[[ The data open ]]

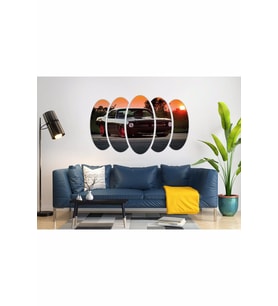 KLASİK ARAÇ MDF TABLO-1149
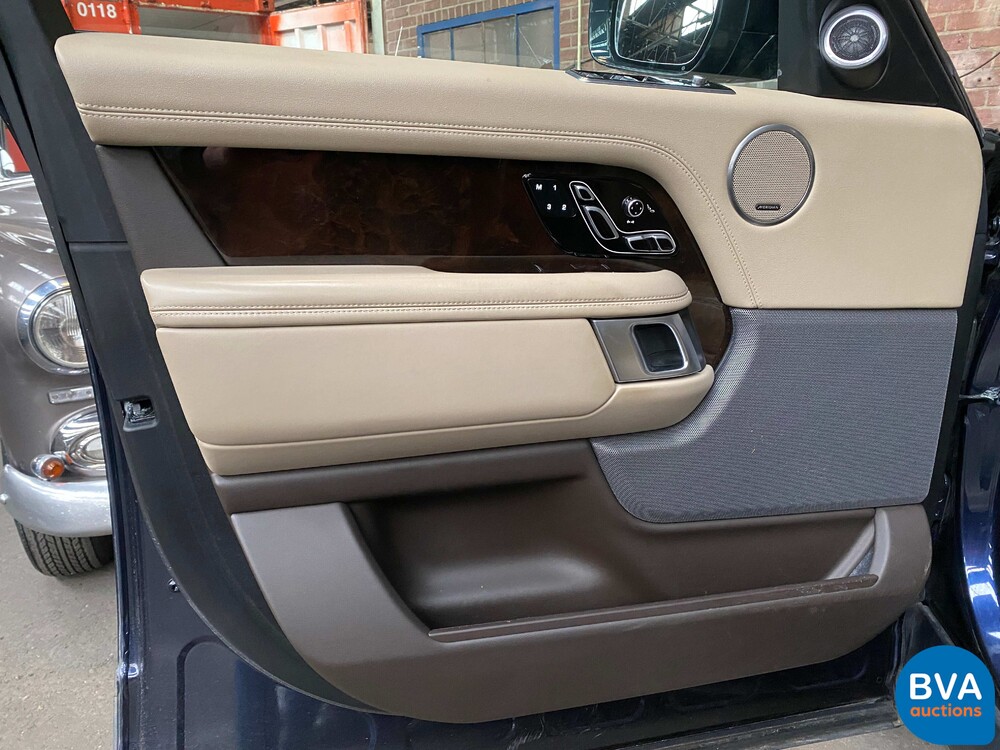Land Rover Range Rover P400e Vogue 404pk Plug-In Hybride 2019 -Org. NL- FACELIFT, XV-122-H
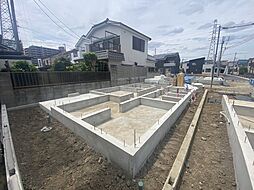 草加市吉町2丁目　新築一戸建て　4号棟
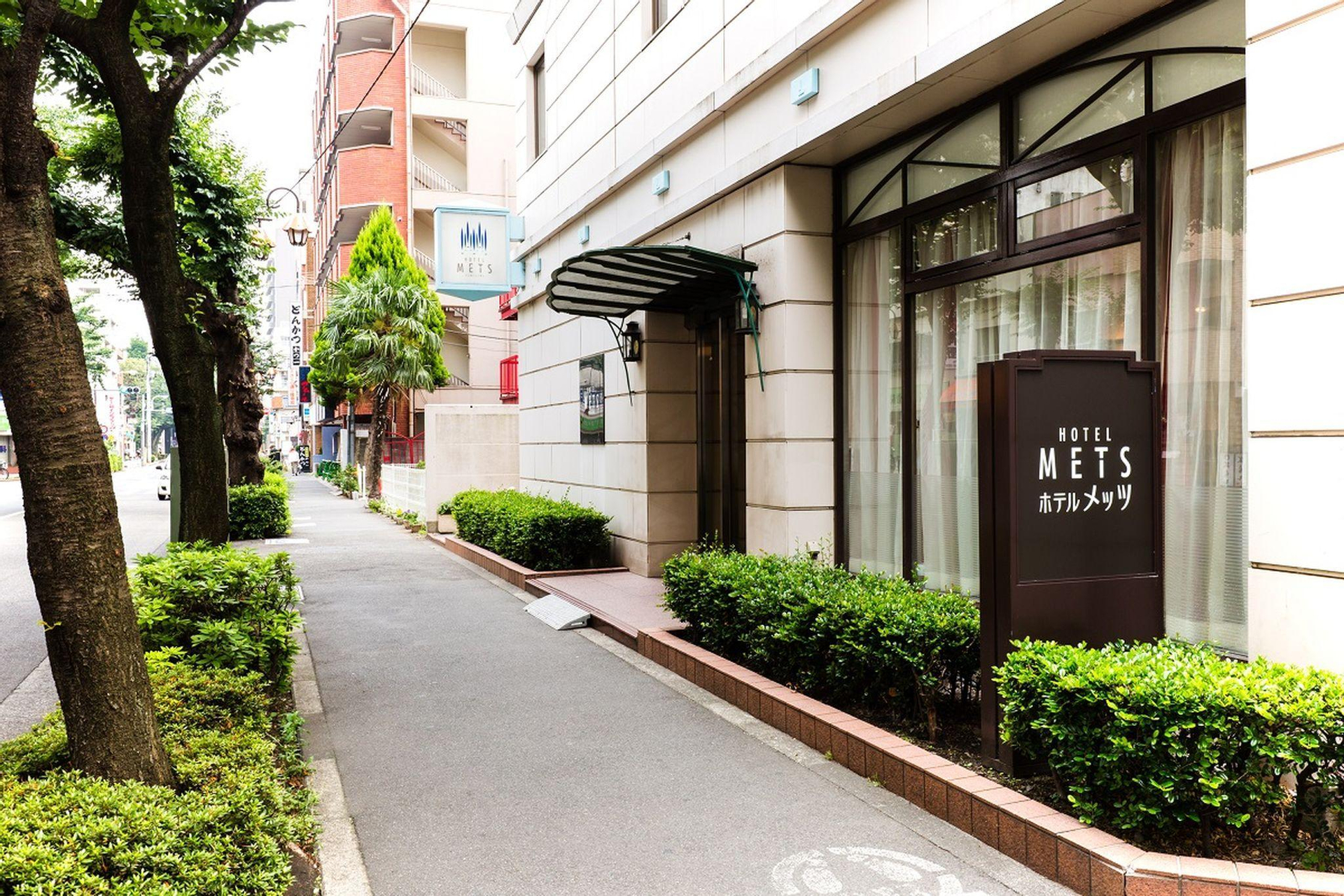 Exterior & Views, JR-EAST HOTEL METS KUMEGAWA, Higashimurayama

[[ The data closed ]]

=== Work order ===
Starting with the line that holds "Land Rover Range", repeat exactly every line through the end of the material above, both ends included, without the pictures.

=== Task answer ===
Land Rover Range Rover P400e Vogue 404pk Plug-In Hybride 2019 -Org. NL- FACELIFT, XV-122-H
 草加市吉町2丁目　新築一戸建て　4号棟
 Exterior & Views, JR-EAST HOTEL METS KUMEGAWA, Higashimurayama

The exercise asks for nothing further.